Implement CTable indexing follow-ups

FrancescAlted · FrancescAlted · commit c44031d366cb · 2026-04-15T17:09:48.000+02:00
Fix CTable index lifecycle for schema mutations by removing index catalog
  entries and sidecars when indexed columns are dropped, and rebuilding
  indexes under the new name after column renames.

  Improve indexed CTable filtering so where() can expose multiple usable
  column indexes to the planner for conjunctive predicates, and raise a
  clear error for malformed table-owned index metadata instead of silently
  falling back to scans.

  Add regression coverage for indexed column rename/drop behavior,
  multi-column indexed conjunctions, and malformed catalog entries.
  Wire the CTable indexing tutorial into the docs toctree.
diff --git a/doc/getting_started/tutorials.rst b/doc/getting_started/tutorials.rst
@@ -20,3 +20,4 @@ Tutorials
    tutorials/12.batcharray
    tutorials/13.containers
    tutorials/14.indexing-arrays
+   tutorials/15.indexing-ctables
diff --git a/src/blosc2/ctable.py b/src/blosc2/ctable.py
@@ -2022,6 +2022,13 @@ def drop_column(self, name: str) -> None:
         if len(self.col_names) == 1:
             raise ValueError("Cannot drop the last column.")
 
+        catalog = self._storage.load_index_catalog()
+        if name in catalog:
+            descriptor = catalog.pop(name)
+            self._validate_index_descriptor(name, descriptor)
+            self._drop_index_descriptor(name, descriptor)
+            self._storage.save_index_catalog(catalog)
+
         if isinstance(self._storage, FileTableStorage):
             self._storage.delete_column(name)
 
@@ -2060,6 +2067,15 @@ def rename_column(self, old: str, new: str) -> None:
             raise ValueError(f"Column {new!r} already exists.")

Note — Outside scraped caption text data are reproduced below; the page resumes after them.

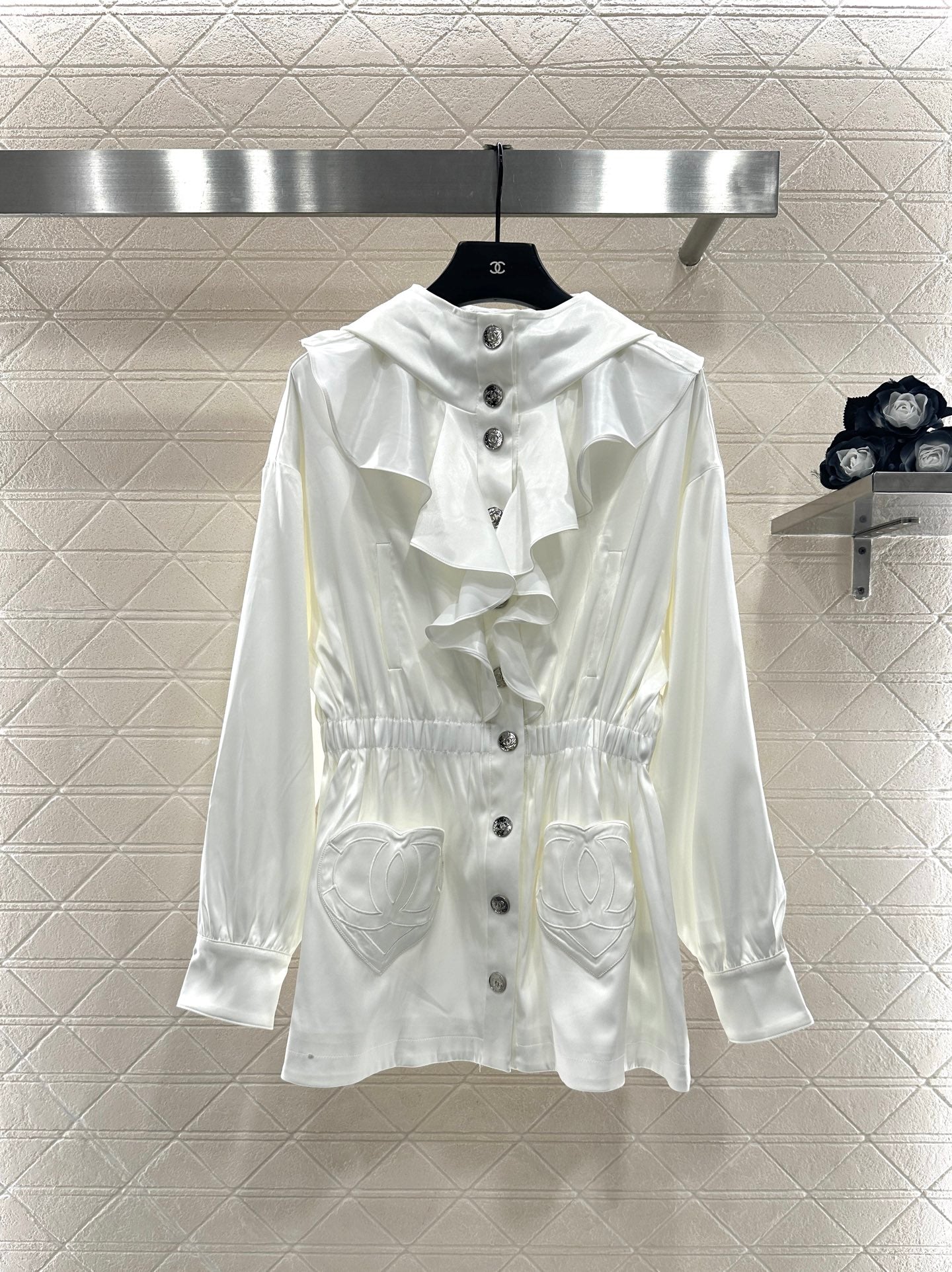 Mushroom lace mid length windbreaker jacket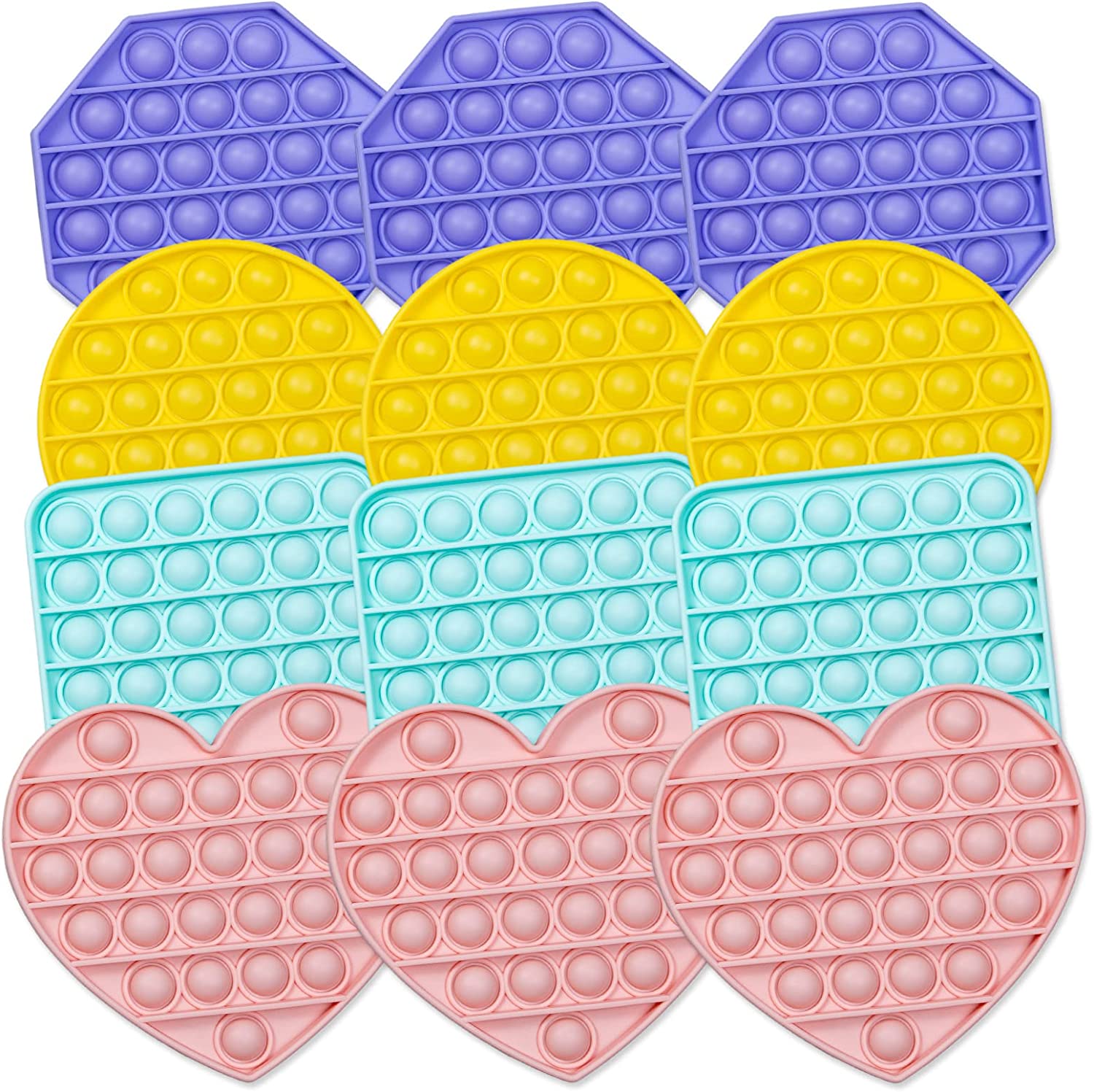 Push Pop Bubble Sensory Fidget Toy, 12-Pack Poppers Fidget Toy, Square, Heart, Round, Octagon, Paste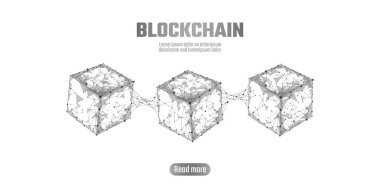 Blockchain küp zinciri sembolü kare kod büyük veri akışı bilgilerini. Gri beyaz tarafsız tanıtım stili. Cryptocurrency finans bitcoin iş kavramı vektör çizim arka plan şablonu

         _validate_column_name(new)
 
+        catalog = self._storage.load_index_catalog()
+        rebuild_kwargs = None
+        if old in catalog:
+            descriptor = catalog.pop(old)
+            self._validate_index_descriptor(old, descriptor)

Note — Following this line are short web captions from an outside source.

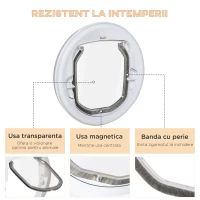 PawHut usa batanta pentru pisici, Φ30x4 cm, alba(m-7)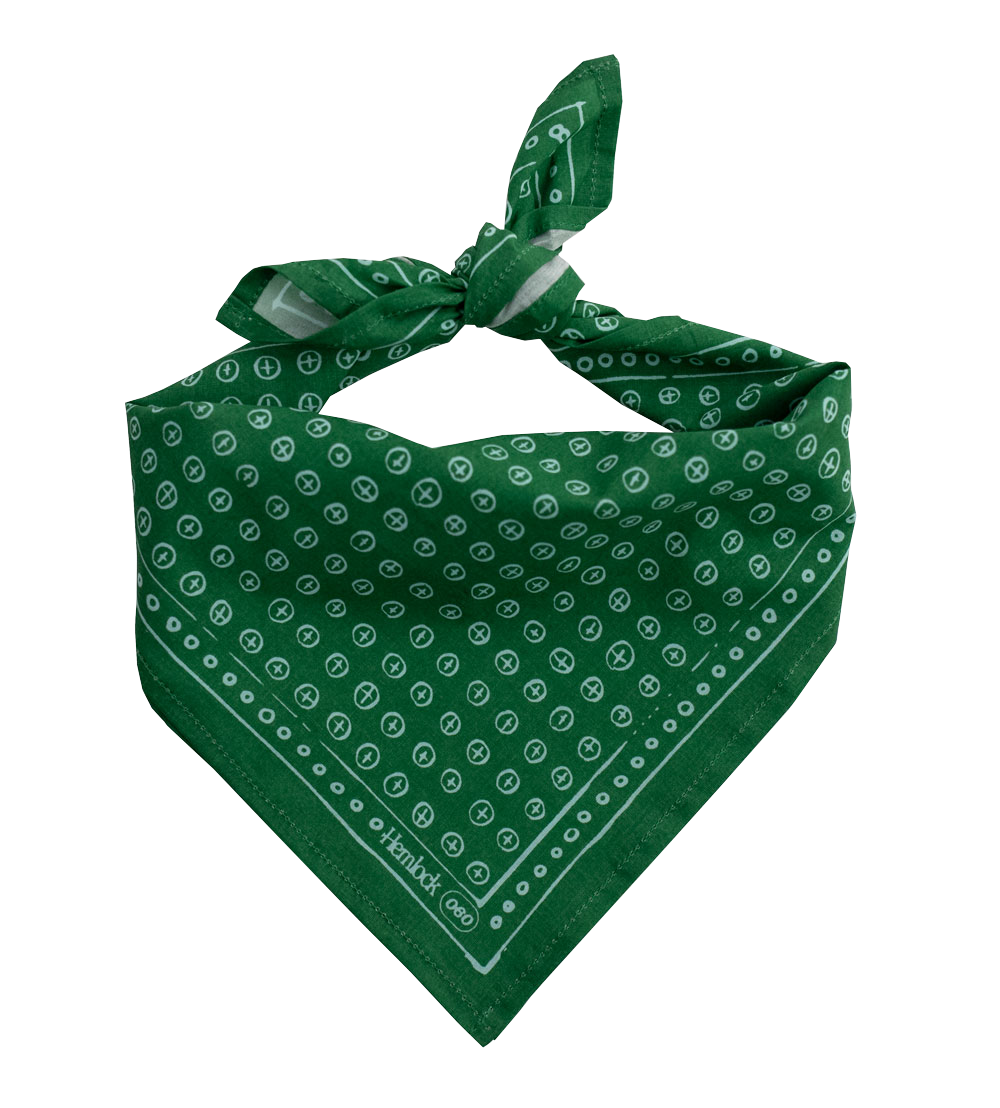 Dot Pattern on Emerald Green Bandana at Nurtured by Nature Studio
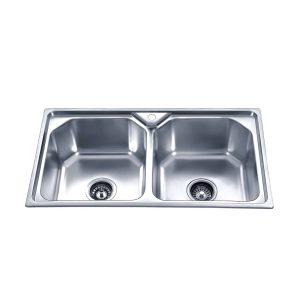 Lavaplatos doble empotrado 78x43 cm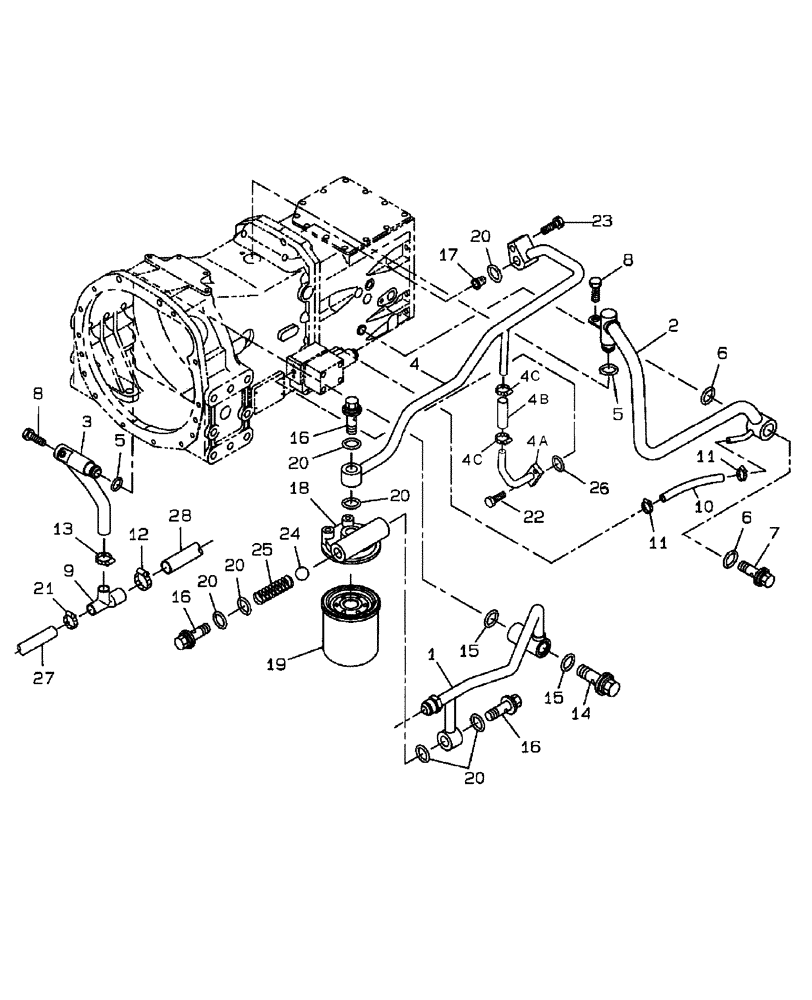 Схема запчастей Case IH FARMALL 40 - (07.11) - HYDRAULIC PIPING W/HST (07) - HYDRAULIC SYSTEM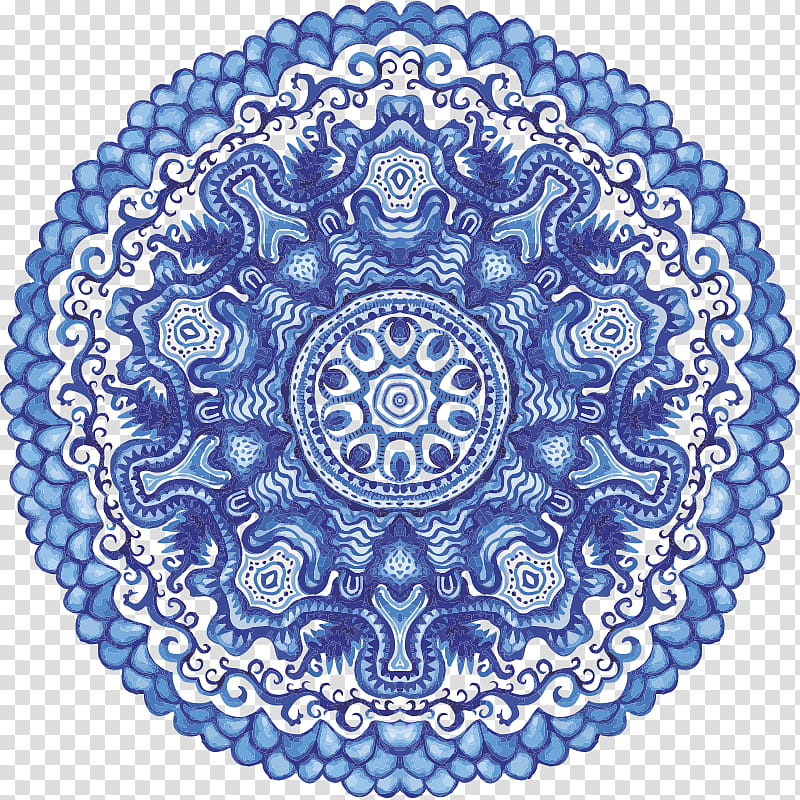 Gzhel Blue, Delftware, Blue And White Pottery, Lace, Ornament, Circle, Symmetry, Area, Doily transparent background PNG clipart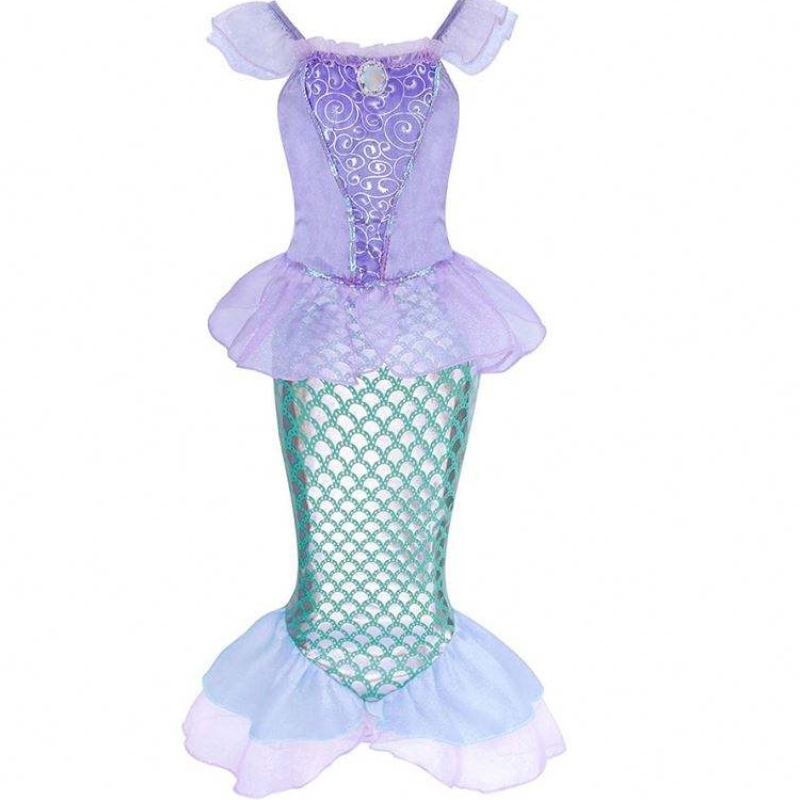 2021 Kinderkleidung Sommer kleine Mädchen Meerjungfrau Kostüm Prinzessin Kleider 3-10 Jahre alte Kinder Meerjungfrau gedrucktes Kleid DGHC-028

+            rebuild_kwargs = self._index_create_kwargs_from_descriptor(descriptor)
+            self._drop_index_descriptor(old, descriptor)
+            self._storage.save_index_catalog(catalog)
+
         if isinstance(self._storage, FileTableStorage):
             self._cols[new] = self._storage.rename_column(old, new)
         else:
@@ -2088,6 +2104,8 @@ def rename_column(self, old: str, new: str) -> None:
         )
         if isinstance(self._storage, FileTableStorage):
             self._storage.save_schema(schema_to_dict(self._schema))

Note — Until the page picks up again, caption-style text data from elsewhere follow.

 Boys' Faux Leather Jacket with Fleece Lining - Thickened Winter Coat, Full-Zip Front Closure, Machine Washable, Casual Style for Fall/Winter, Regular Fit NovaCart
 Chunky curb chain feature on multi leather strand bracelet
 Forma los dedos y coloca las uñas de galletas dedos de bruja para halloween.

+        if rebuild_kwargs is not None:
+            self.create_index(new, **rebuild_kwargs)
 
     # ------------------------------------------------------------------
     # Column access
@@ -2366,6 +2384,73 @@ def _mark_all_indexes_stale(self) -> None:
         if changed:
             root._storage.save_index_catalog(catalog)
 
+    @staticmethod
+    def _validate_index_descriptor(col_name: str, descriptor: dict) -> None:
+        """Raise ValueError when an index catalog entry is malformed."""
+        if not isinstance(descriptor, dict):
+            raise ValueError(f"Malformed index metadata for column {col_name!r}: descriptor must be a dict.")
+        token = descriptor.get("token")
+        if not isinstance(token, str) or not token:
+            raise ValueError(f"Malformed index metadata for column {col_name!r}: missing token.")
+        kind = descriptor.get("kind")
+        if kind not in {"summary", "bucket", "partial", "full"}:
+            raise ValueError(f"Malformed index metadata for column {col_name!r}: invalid kind {kind!r}.")
+        if kind == "bucket" and not isinstance(descriptor.get("bucket"), dict):
+            raise ValueError(f"Malformed index metadata for column {col_name!r}: missing bucket payload.")
+        if kind == "partial" and not isinstance(descriptor.get("partial"), dict):
+            raise ValueError(f"Malformed index metadata for column {col_name!r}: missing partial payload.")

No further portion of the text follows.